Last Wednesday, 15-year-old Michael del Bianco was shot and left for dead just metres from the Amazon building, reported TV channel Fox 13.
“There has got to be police. There has been such lack of police in the last two years when we needed them most,” Jodi Gulling, del Bianco’s grandmother, told local TV station NBC King 5.
“I hear about the area [where her grandson was killed] so when I found out that’s where he was shot, I was just like, ‘Oh my God, this is not happening’.”
Seattle’s downtown succumbing to violence
Police have said shoplifting and drug sales are fuelling the crime wave in Seattle’s urban core.
It’s all become too much for Amazon which on Friday announced that staff would not be returning to the CBD building until the situation was sorted out.
“Given recent incidents near Third and Pine, we’re providing employees currently at that location with alternative office space elsewhere,” an Amazon spokesman said in a statement to the Seattle Times.
“We are hopeful that conditions will improve and that we will be able to bring employees back to this location when it is safe to do so.”
Even Macca’s is shut
In early March, McDonald’s flagship restaurant in Seattle, at the same intersection, also closed.
Talking to local newspaper the Post-Millennial, McDonald’s franchise owner David Santillanes said: “My top priority is the health and safety of our employees and customers.

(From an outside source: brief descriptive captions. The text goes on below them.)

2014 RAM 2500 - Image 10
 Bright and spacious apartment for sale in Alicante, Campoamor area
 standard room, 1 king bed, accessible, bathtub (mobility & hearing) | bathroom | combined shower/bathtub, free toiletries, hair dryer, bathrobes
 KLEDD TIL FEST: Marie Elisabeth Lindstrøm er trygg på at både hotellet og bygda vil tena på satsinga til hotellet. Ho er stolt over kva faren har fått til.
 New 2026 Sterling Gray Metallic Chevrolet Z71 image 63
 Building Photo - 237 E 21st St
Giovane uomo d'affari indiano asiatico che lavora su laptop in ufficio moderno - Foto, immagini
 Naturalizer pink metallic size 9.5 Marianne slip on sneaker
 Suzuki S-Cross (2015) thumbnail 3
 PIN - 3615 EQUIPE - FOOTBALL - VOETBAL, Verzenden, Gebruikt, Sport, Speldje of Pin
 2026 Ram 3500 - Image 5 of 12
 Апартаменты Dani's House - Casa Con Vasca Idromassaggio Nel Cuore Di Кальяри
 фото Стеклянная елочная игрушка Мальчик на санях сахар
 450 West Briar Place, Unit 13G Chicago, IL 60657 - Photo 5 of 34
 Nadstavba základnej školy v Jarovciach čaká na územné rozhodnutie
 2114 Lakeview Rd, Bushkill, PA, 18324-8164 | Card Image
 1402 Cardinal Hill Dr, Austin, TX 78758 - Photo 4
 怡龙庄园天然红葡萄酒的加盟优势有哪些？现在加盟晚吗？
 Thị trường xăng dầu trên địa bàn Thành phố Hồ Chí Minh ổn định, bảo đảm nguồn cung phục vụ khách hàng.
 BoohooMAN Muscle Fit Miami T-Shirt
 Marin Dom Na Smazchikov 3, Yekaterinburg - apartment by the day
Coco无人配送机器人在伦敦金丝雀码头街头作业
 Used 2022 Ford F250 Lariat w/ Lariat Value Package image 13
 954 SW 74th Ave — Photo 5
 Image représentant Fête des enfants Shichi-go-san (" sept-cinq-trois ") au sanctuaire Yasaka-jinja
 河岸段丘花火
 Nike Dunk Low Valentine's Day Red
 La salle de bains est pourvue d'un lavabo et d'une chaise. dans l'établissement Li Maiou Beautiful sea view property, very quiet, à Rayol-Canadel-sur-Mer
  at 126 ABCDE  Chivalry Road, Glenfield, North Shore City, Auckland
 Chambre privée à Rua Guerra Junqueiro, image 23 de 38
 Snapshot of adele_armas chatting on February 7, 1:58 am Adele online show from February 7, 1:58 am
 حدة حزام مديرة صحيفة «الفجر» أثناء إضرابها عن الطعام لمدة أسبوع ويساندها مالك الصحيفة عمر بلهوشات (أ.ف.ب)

“Out of concern for their safety, we temporarily closed our restaurant located at 1530 Third Ave following last week’s shooting.”
That was a different shooting to the one which claimed the life of Michael del Bianco.
In 2021, overall crime in Seattle increased by 10 per cent, according to the police department.
“Robbery, aggravated assaults and motor vehicle thefts were significantly high this year when compared to a five-year weighted average,” stated the report.
While violent crime was indeed up in Seattle, murders were down by 25 per cent.
Seattle has been a flashpoint for police and community relations following the uproar caused by the death of George Floyd in 2020 in Minneapolis at the hands of officers.
It was just one of many US cities where they were called to de-fund or radically restructure police departments.
In November, Seattle City Council approved a US$356 million (A$491 million) budget cut to the police force, although politicians were insistent at least 125 more officers would be hired despite the financial squeeze.
Seattle Mayor Bruce Harrell, who was elected in November, has said he will crack down on crime.
A city spokesman said it would “take time” to resolve “longstanding safety issues” in the city.
“Mayor Harrell will continue to develop a comprehensive approach to public safety in collaboration with police and safety advocates, community members, service providers and businesses, including Amazon, to activate, revitalise and restore downtown for all.”
Police have now stationed a mobile precinct on the notorious intersection and have put more officers on bikes to patrol the area.
According to Gulling the increased police presence was too little, too late.
“We’re not afraid,” she told NBC King 5.
“We want to stand up for our kids, for our community, for everyone and it’s not something I’m going to take lightly, there has to be justice done in that area for everyone that has been hurt.”
A more visible police presence is a first step to try to coax big employers back to Seattle’s CBD. But that will only happen if crime can be brought under control and fewer people, like teenager Michael del Bianco, are shot in cold blood in the heart of one of America’s largest cities.